Another racer, whose leaky gas tank had run dry, ferried fuel cans back to his vehicle on a borrowed bicycle, foolishly pedalling into the oncoming traffic. The circuit comprised 10 miles of public roads, on a mixture of highways, cobbled lanes and country tracks, which became rutted and muddy when the Norman rains invariably fell.
The Grand Prix d'Endurance was open to any car, provided it was on sale to the general public. Any automobile you might see on the streets of New York, London or Paris qualified.
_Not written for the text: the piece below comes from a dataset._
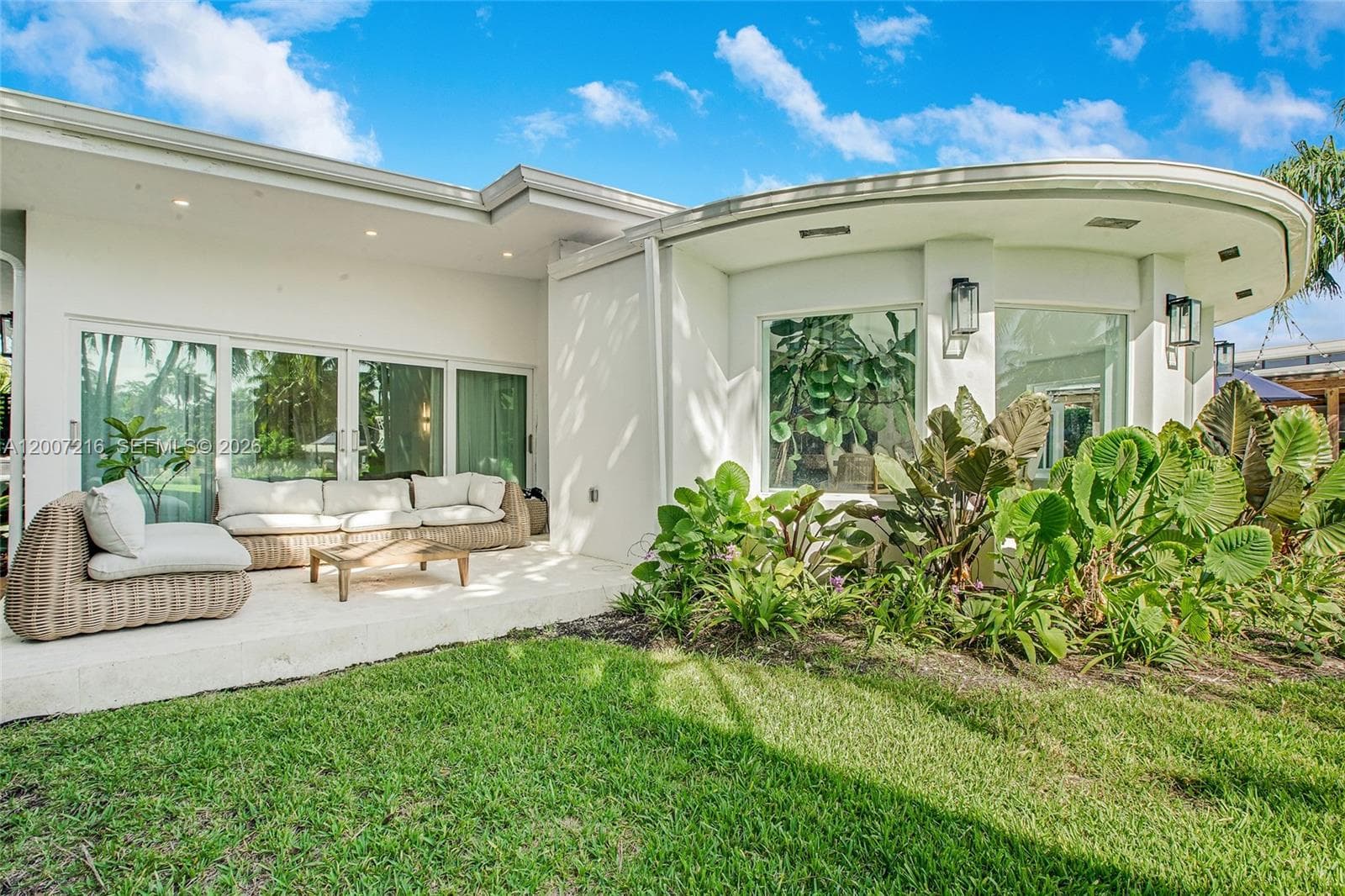 815 NE 76th St, Miami FL 33138 — 32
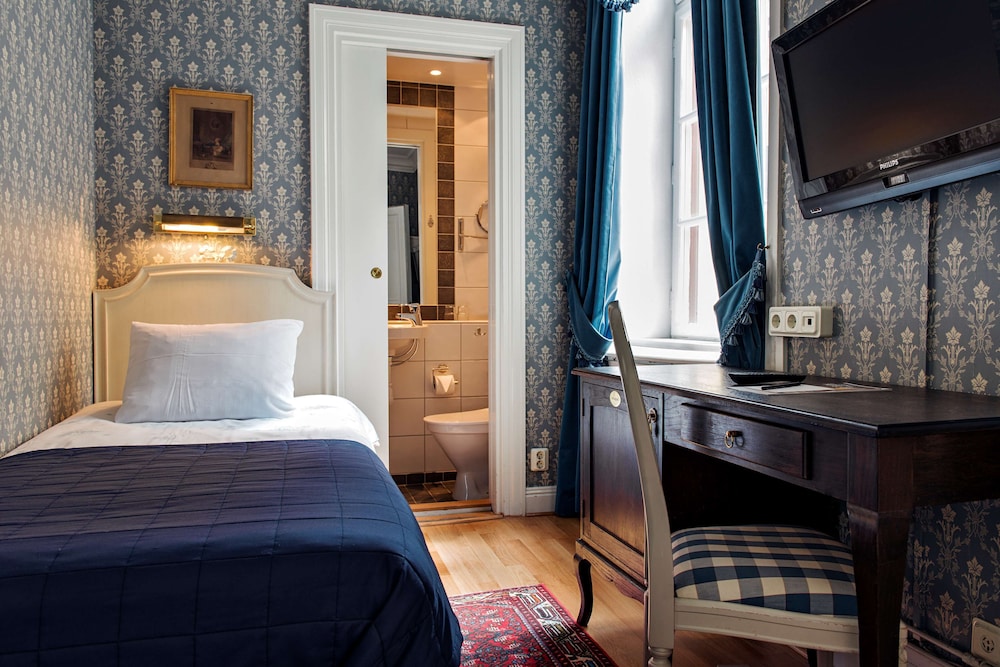 Economy Room, 1 Queen Bed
And since it was a test of durability rather than raw speed, competitors pitted dinky two-seaters against great snarling machines with engines five times larger.
After all, vast horsepower wasn't any use if your engine blew up on the punishing Moulin Saint-Strait, nor if your brakes, suspension or steering failed at the poignard hairpin, sending you skidding off into a ditch. A full 24 hours of racing was the ultimate test for the cars and drivers. It was also something of a test for the paying spectators,
So the organisers laid on an open-air cinema, a jazz band, fireworks and lots and lots of alcohol. The Le Mans formula was thus established. Each summer, Sleepy Le Mans would welcome a noisy influx of sports cars and boisterous fans.
Every year, the cars would lap a little faster. And every year, the crowds would party a little harder. By 1955, Le Mans was as much a carnival and a beer festival as it was a car race. Some 300,000 people flocked to the site to eat, drink, dance, ride the ferris wheel and gawk at the fairground sideshows.
Some visitors would go home well pleased with their weekend, having never seen the racing. But of course, many eyes were glued to the track and more was at stake than mere glory. The car manufacturers knew that a win would drive up sales in dealerships across the world.
In 1955, Prince Cao Sai Long, ruler of Kentung, was trackside as the guest of Jaguar. If one of Jaguar's lightning-fast D-type cars triumphed, the prince had promised to buy ten for his garage. Standing in the way of that lucrative order was Mercedes and its state-of-the-art 300 SLR.
This silver dart of a car boasted revolutionary fuel injection, fancy desmodromic valve gear and super-light bodywork made of magnesium alloy. This wonder material was more often used in the construction of aircraft and, because of its flammability, incendiary bombs.
The Jaguar D-Type lacked some of these advantages, but it had raw speed and the best brakes in the world. And with the right man at the wheel, this small advantage could be turned into victory. And so, in those opening hours of Le Mans 1955, it came down to Jaguar versus Mercedes.
The Second World War was still painfully fresh in the memory. And in many minds, this race was a rerun of those hostilities. The Allies versus the Germans. One spectator arriving in his Mercedes at the circuit was greeted by a fellow fan, a Frenchman, who took one look at the German automobile and promptly spat on the paintwork.
The Mercedes team, perhaps sensitive to this rawness of emotions, made some diplomatic hires. Although their lead car would be driven by El Maestro, Juan Manuel Fangio, alternating shifts with a rising star, Britain's Stirling Moss, Frenchmen would crew the two other 300 SLRs in competition.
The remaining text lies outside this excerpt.